【CES 2019】

IoTで内容を切替、次世代クレジットカードをソフトバンクなどが展示

 「CES 2019」においてソフトバンクグループのSB C&Sは、提携先となるDynamicsのブースに、同社が取り扱うIoT製品を展示した。10月に発表した「次世代クレジットカード」がそれだ。

通信機能を備えた次世代クレジットカード

 Dynamicsは、米ペンシルバニア州ピッツバーグに拠点を構えるFintech関連企業。SB C&Sとソフトバンク、Dynamicsは包括的協業に合意しており、2019年以降の日本展開も予定する。SB C&Sは企画、マーケティング、販売を担当する。

 中でも目玉になるのが、通信機能を持たせたクレジットカードだ。電子ペーパーのディスプレイを備え、書き込まれた情報をボタンで変更することができる。

 複数のクレジットカードを登録しておいて、利用時に切り替えることができ、磁気ストライプとICチップ、NFCのデータもそれに合わせたものに変更される。クレジットカードとキャッシュカードを切り替えたり、電子ペーパー部分にQRコードを表示させ、決済に利用することも可能。通信機能を活かし、利用額の合計や残高などの情報も表示できる。紛失時には、通信経由で情報を消去することも可能だ。

クレジットカードやキャッシュカードなど、複数のカード情報を収納できるほか、利用額や残高、QRコードなどの情報も表示できる

 ただし、このクレジットカードはユーザーに直接販売されるわけではなく、ビジネスモデルはB2B2Cになる。SB C&Sが銀行やクレジットカード会社に納入し、カード会社と契約したユーザーに届けられる仕組みだ。通信はソフトバンクが担当する。通信機能の詳細は明かせないというが、「携帯電話の回線を使う」ということから、NB-IoTのような、IoT向けの省電力通信に対応しているとみられる。

 バッテリーも、日々の使用で自動的に充電されるという。こちらも詳細な仕様は開示できないとのことだったが、技術的には、リーダ/ライターと通信を行う際の電力で充電される可能性が高そうだ。

 次世代クレジットカードは、ほかにも2つの種類がある。1つが、パスコードを入力できるもの。カードに5つのボタンが搭載され、正しいパスコードを打った段階で、クレジットカード番号が表示され、磁気ストライプやICチップ、NFCが利用可能になる。

パスコードを打つまで、クレジットカード番号が表示されず、利用もできない

 もう1つが、機能切り替えボタンがついたもの。クレジットカードとポイントカード、クレジットカードと電子マネーなど、複数の機能をボタンで切り替えることができる。こちらのカードにはディスプレイが搭載されていない。Dynamicsの担当者によると、すでにインドやカナダに導入されているという。
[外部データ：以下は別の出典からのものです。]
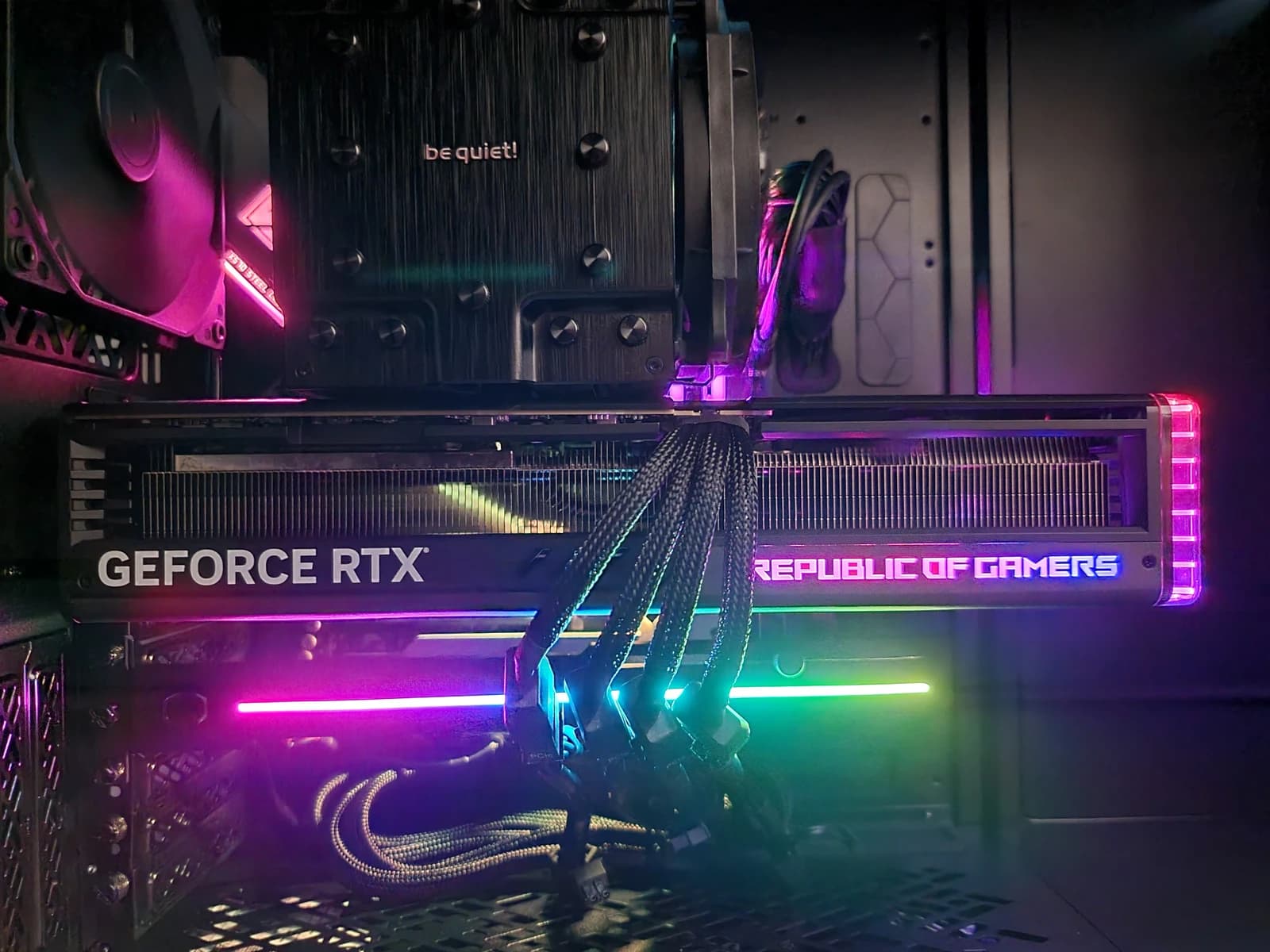 An illuminated Asus Strix RTX 4090 graphics card inside a computer case.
カードのボタンを押すことで、決済方法を切り替えたり、分割払いの設定ができる

 インドのInduslnd Bankのカードは、マスターカードとポイントカードの切り替えができるほか、分割払いボタンも用意。このボタンを押すと、店頭で一括払いにして支払っても、自動であらかじめ指定した回数の分割払いが適用されるという。